Ultra-wide bandwidth dish antenna

Abstract

An ultra-wide bandwidth dish antenna includes a plurality of transmission nes embedded in feed arms extending from an edge of a reflective dish, The first transmission line is for input and is connected in parallel to two receptive transmission lines having twice the characteristic impedance of the input transmission line, where one of the receptive transmission lines is inverted relative to the other The two receptive transmission lines are each bonded and embedded within separate feed arms of the antenna. The feed arms of the dish antenna converge to a point (apex) where the conductors of the embedded transmission lines are connected. The connection forces a signal on the exterior of the feed arms creating an electric and magnetic field enabling an electromagnetic wave to be propagated down the feed arms and launched into the reflective dish to be radiated outward.

Claims

1. An ultra-wide bandwidth antenna comprising:

a reflective dish for reflecting electromagnetic wave energy, said dish having a peripheral edge;

a first feed arm, coupled to said dish at a first location along said peripheral edge, for electrically conducting a first signal to propagate a first wave energy;

a second feed arm, coupled to said dish at a second location along said peripheral edge opposite said first location, for electrically conducting a second signal, inverted relative to said first signal, to propagate said first wave energy;

a first transmission line for conveying said first signal, said first transmission line being at least partially embedded in said first feed arm and including a center conductor and an exterior shield bonded to said first feed arm;

a second transmission line for conveying said second signal, said second transmission line being at least partially embedded in said second feed arm and including a center conductor and an exterior shield bonded to said second feed arm; and

an input transmission line for conveying an input signal, said input transmission line being coupled to said first and second transmission lines;

wherein said first and second feed arms converge at a point to form an apex where said center conductors of said embedded first and second transmission lines are connected to propagate said first wave energy along said first and second feed arms into said reflective dish.

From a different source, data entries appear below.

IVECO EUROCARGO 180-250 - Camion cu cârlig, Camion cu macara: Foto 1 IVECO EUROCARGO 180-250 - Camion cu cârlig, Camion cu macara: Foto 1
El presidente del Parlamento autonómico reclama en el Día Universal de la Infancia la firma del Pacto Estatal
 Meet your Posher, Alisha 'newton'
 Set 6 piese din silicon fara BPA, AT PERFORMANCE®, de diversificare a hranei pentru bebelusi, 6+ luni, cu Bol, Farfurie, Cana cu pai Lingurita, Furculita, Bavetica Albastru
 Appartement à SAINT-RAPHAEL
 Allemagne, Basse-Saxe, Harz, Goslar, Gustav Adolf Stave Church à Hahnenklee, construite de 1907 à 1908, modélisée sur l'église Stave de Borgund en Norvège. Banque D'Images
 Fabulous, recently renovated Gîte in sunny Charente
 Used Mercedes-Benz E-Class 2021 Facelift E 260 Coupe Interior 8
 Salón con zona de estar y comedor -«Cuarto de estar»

2. The antenna of claim 1 wherein each of said first and second transmission lines have a characteristic impedance equal to twice that of said input transmission line.

3. The antenna of claim 1 wherein said first feed arm includes a pair of substantially triangular pieces of foam wrapped by an aluminum shell, said first transmission line is positioned between said foam pieces, and said aluminum shell contacts said exterior shield of said first transmission line.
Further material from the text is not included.